Okay, let’s move on to resource management, JMS is quite resource heavy. Connections, sessions, producers and consumers are all resources, by which I mean you actually have to close them once you are done. If you don’t, you have a resource leak on your hands, which can be difficult to track down. There isn’t really any good constructs in the Java language to prevent leaks from the framework perspective. You have the try-finally construct, but then you are relying on the clients to prevent the leak. Closures might make an appearance to help this later on, but it still has to be seen if it ever makes the cut. However, static analysis once again can help detect potential bugs, if your close call is not in a finally block (or not there at all), you probably have found a bug. On an application server, managing resources is easy, since it is up to the application server to manage them, you just have to give it a chance to do it. That means setting up a connection pool on the application server, not hold on to the connection and remember to close the connection. To hold on to the connection is a common mistake, after all you are supposed to fetch resources on ejbCreate() and release them on ejbRemove(). Well, that would be a mistake, because a JMS Connection is not expensive to get if it is in the pool is up and running, but by holding on to it, you might force the application server to create new connections which is expensive at creation and to maintain. Therefore, if on the server the same recommendation than for Sessions in the previous section applies, always make your connections local variables. On the client, things are a little bit more complicated. Nobody is managing resources but you, so you have to be a little bit more careful.

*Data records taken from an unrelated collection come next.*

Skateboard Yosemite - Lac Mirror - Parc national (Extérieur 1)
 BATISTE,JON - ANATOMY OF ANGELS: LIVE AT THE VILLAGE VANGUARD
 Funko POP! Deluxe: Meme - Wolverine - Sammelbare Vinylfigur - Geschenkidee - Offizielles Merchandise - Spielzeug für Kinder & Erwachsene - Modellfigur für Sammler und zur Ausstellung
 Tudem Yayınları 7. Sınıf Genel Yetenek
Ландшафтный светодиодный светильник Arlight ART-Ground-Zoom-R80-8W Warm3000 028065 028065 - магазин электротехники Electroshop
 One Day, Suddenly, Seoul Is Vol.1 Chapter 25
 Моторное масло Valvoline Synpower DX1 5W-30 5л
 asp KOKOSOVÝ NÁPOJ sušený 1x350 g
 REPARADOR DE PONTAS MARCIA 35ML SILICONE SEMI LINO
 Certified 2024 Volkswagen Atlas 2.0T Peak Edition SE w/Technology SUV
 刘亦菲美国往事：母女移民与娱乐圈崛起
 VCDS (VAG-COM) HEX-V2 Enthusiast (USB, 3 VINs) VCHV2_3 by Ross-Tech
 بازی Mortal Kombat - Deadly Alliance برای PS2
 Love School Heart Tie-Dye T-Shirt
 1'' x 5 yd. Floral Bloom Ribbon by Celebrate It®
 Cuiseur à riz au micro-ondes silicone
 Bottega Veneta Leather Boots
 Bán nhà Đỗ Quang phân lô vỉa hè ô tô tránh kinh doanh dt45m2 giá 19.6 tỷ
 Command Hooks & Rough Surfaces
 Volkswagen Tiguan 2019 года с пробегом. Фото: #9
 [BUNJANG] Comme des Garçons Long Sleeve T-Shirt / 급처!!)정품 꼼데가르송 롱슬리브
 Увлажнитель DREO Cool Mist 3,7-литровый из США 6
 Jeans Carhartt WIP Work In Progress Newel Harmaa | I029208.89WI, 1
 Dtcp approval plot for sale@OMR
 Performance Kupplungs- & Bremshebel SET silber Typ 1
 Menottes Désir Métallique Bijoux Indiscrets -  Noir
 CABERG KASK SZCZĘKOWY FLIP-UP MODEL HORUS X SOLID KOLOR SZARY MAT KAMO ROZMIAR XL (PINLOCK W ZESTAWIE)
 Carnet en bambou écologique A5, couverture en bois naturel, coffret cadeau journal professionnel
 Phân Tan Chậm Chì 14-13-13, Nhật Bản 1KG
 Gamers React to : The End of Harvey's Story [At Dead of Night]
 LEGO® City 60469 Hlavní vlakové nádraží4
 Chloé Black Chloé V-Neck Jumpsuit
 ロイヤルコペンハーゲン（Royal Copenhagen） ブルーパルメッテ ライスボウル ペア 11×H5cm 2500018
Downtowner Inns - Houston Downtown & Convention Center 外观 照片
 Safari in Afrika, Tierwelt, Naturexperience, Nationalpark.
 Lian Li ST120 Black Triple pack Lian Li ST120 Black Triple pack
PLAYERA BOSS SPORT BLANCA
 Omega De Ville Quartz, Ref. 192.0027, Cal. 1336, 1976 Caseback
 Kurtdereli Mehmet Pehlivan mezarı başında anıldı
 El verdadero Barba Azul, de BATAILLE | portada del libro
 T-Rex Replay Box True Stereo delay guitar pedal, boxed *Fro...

You could just create your connections and release them right away when you are done. This would work well if you only send messages from time to time. Of course, you can’t do that for listeners. If your clients are heavily using JMS, you might want to implement your own pooling mechanism. This is easier than it sounds, basically all you need to do is put a wrapper around the ConnectionFactory, and since you probably already have a service locator implemented, you could have it return the wrapper instead of the vendor’s connection factory. The advantage of this is that no matter how well the vendor’s implementation scales you can tweak your end of the system.

Last but not least is fault tolerance. This is actually not a part of the JMS spec, they did not want to put up rules for what should happen when the services start failing for a reason or another. For example, nowhere does it specify what to do if a queue fills up (i.e. the consumer is not there anymore). So it goes from throwing an exception to blocking, to just throwing away messages. With these kinds of conditions it is difficult for the developer to know what to do since it will depend a great deal on the JMS provider implementation. This is probably the least compelling about the JMS spec, it defines very well the success scenarios but when it comes to the edgy failures they leave it to the implementation. Flexibility is good, but it makes it a pain to switch from one implementation to the other. A tempting solution is to wrap the vendor’s implementation with your own implementation that will enforce a certain behaviour. This is not very satisfying because that defeats the out of the box solution that JMS should be. The only recommendation is to read the vendor’s documentation very carefully before choosing (or switching to) one to make sure that it offers satisfying fault tolerance mechanisms for your project.

So all in all, while I still consider the JMS spec to be very well designed there are a few practical matters that make it difficult to get right in practice. Some are due to developer “laziness”, but others like a total lack of specification of any fault tolerance or reliability mechanism are embedded into it. However, nothing that cannot be solved with a little discipline on both the architects side and the developers side, so with this in mind, it should be a tool of choice in your asynchronous communication toolbox.